А со стихами моими у Окуджавы было так. Тоже голова болит, я прочитал это все — знаешь, пиши русские песни. Зачем мне русские песни? У меня гитары нет, что ж я буду их писать — я играть не умею; ты умеешь играть — вот ты и пиши!
О Пригове
Мы знаем, что недавно состоялся вечер поэта Пригова в театре Марка Розовского: бенефис, концептуализм, как полагается; так вот, Димы Пригова концептуализм — это и есть то, что я тогда делал, может быть, у Пригова в гораздо более развитой форме, я не спорю, но в принципе то же самое; и я, и Холин, и некоторые другие делали это в конце 1950-х — начале 1960-х. Задача была — исследовать возможности повтора, ситуации общения с читателем, испытания читательского ожидания.

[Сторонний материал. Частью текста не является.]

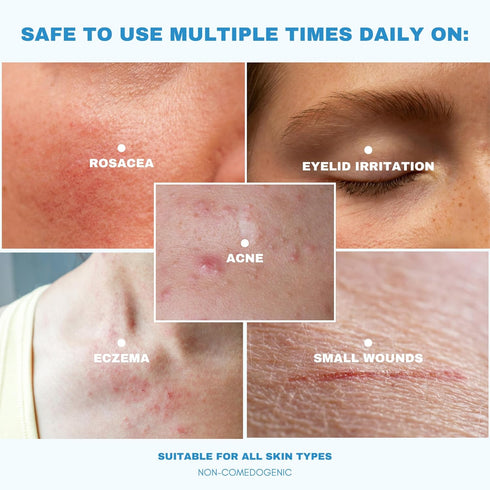 0.015% Hypochlorous Acid Spray - HOCL - Antibacterial Hypoallergenic Sensitive Skin Toner Cleanse, Soothe for Face and Body - Acne - Eczema - Post...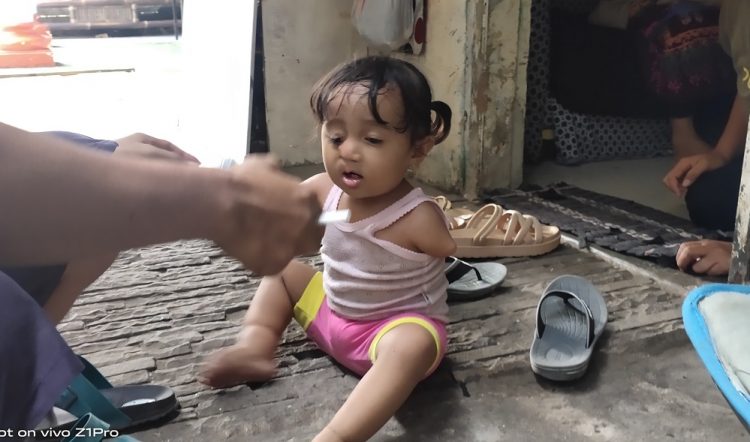 Balita pengidap penyakit Multiple Congenital Anomalies di Tangsel. (SNG)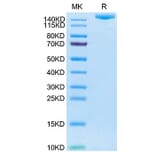 SDS-PAGE - Recombinant Human IGF2R Protein (C-terminal His and Avi Tag) (A330777) - Antibodies.com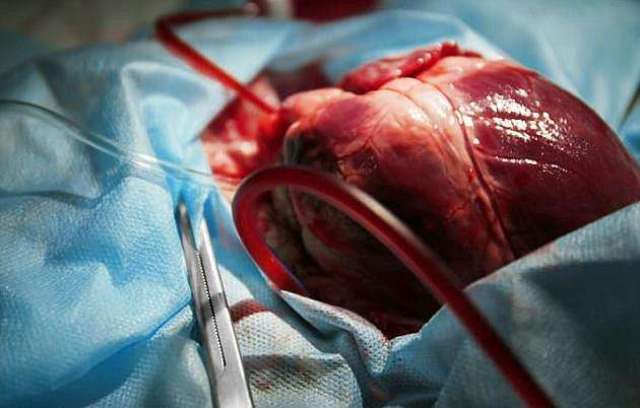 4人接受同一人的器官移植,全都患上癌症,背后的原因令人恐惧!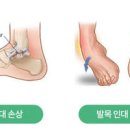 손목 아플 때 6가지 이유는? 찌릿 시큰 등 손목이 아파요 병원 이미지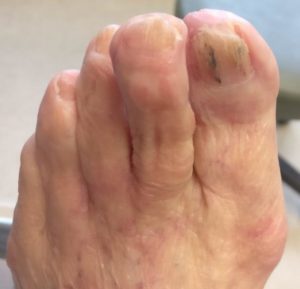 Diseases of the toenails and fingernails: White and black toenails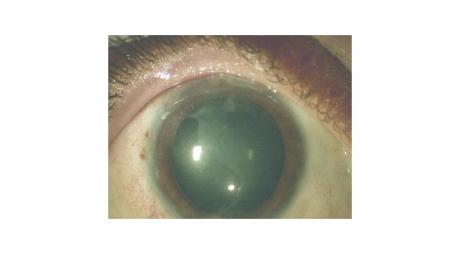 اصابات العين الكيميائية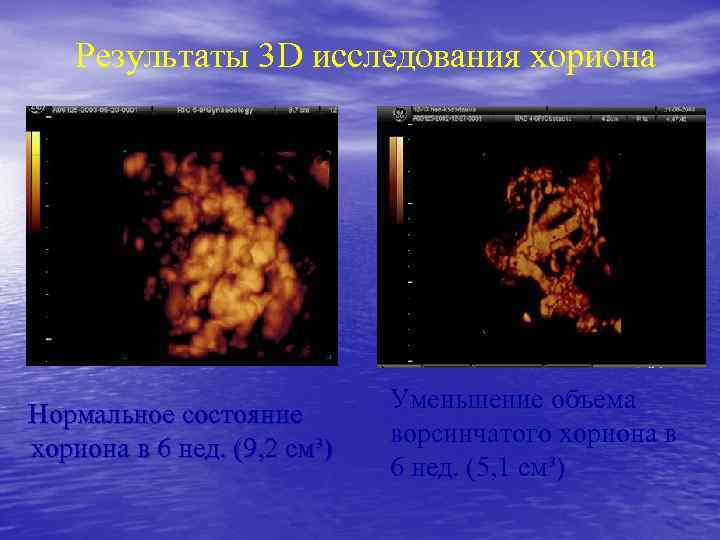 Результаты 3 D исследования хориона Нормальное состояние хориона в 6 нед. (9, 2 см³)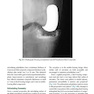 دانلود کتاب Unicompartmental Knee Arthroplasty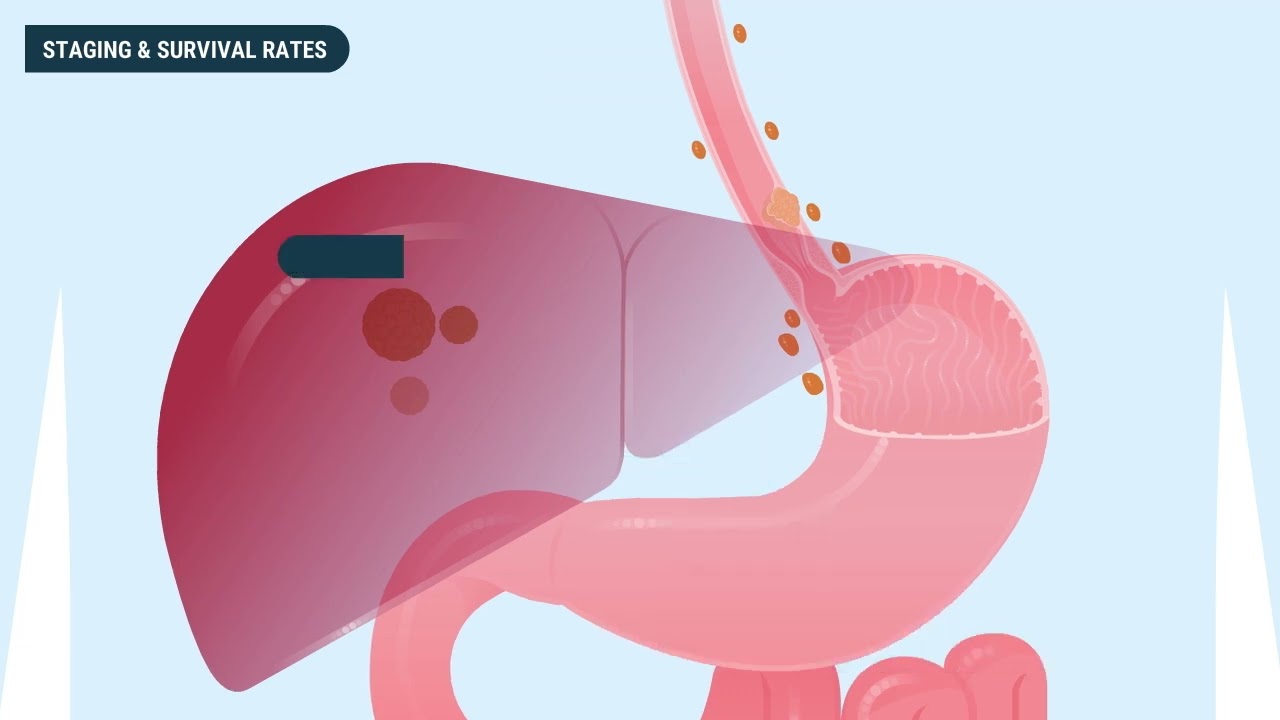 What You Should Know About Esophageal Cancer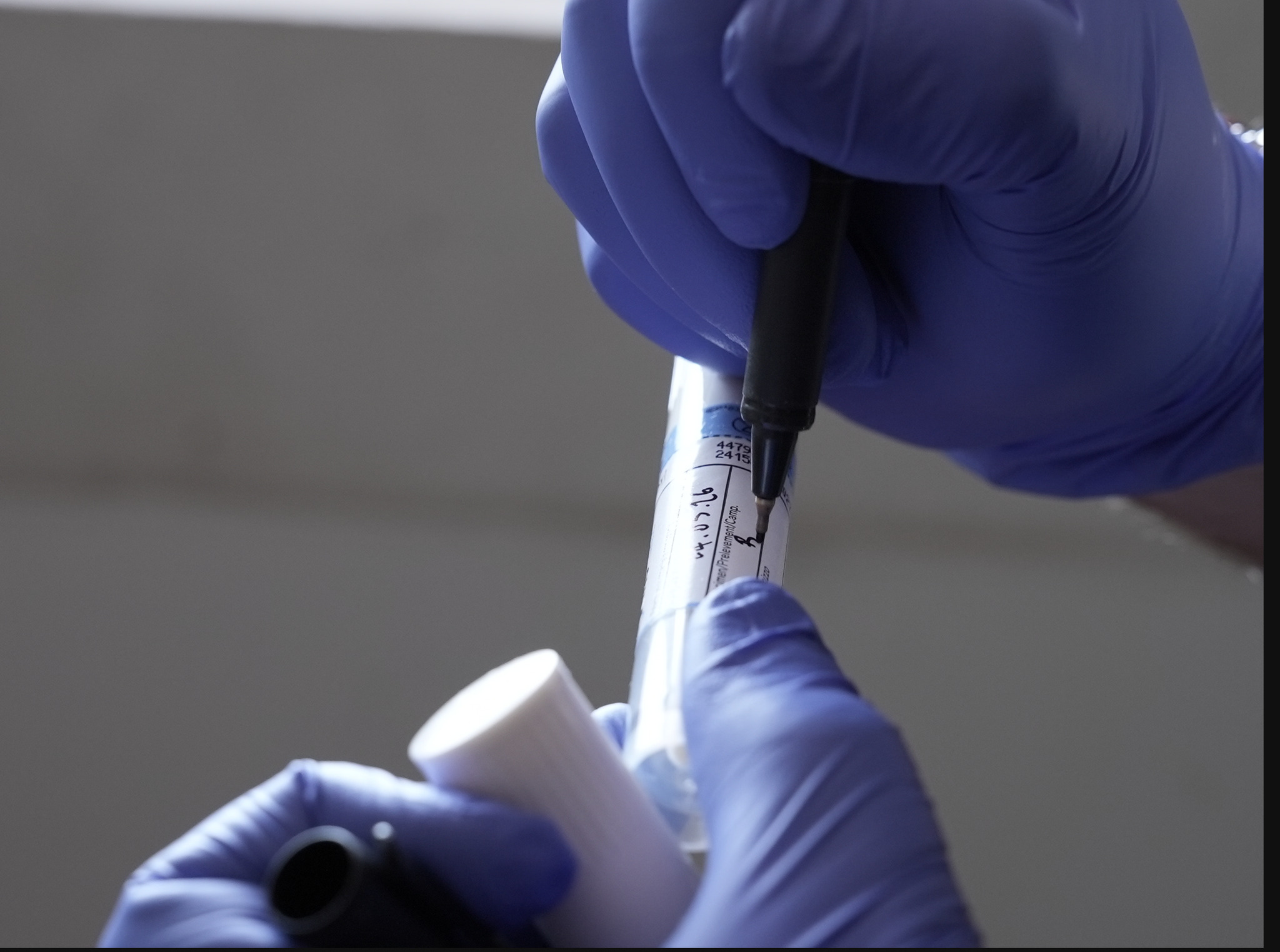 Persona con guanti usa una penna per prelevare campione di DNA da provetta in laboratorio, con sfondo neutro.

Это целиком концептуалистское искусство: искусство ситуации. Когда произведение перестает быть материальным, а остается только отношение, отношения читателя и автора.
Об искусстве
...не может быть искусства с разрешения. Как-то сомнительно искусство, сделавшее ведущей темой оправдание обыкновенного преступления: насильственного захвата власти. И только поскольку от этой ведущей темы можно было отойти, постольку и могло что-то получаться. А начало наклевываться какое-то искусство с момента, когда началась эпоха возражения; даже не возражения, а всего лишь несогласия, но сознательного, постоянной упертости. Это были уже не эпизоды, не странные случаи, а точка, на которой можно было себя как-то ощутить. Не может существовать искусство лгущее, лгущее в принципе, обязанное лгать. И спрашивать разрешения у тех, кто заставляет его лгать и только так и существовать.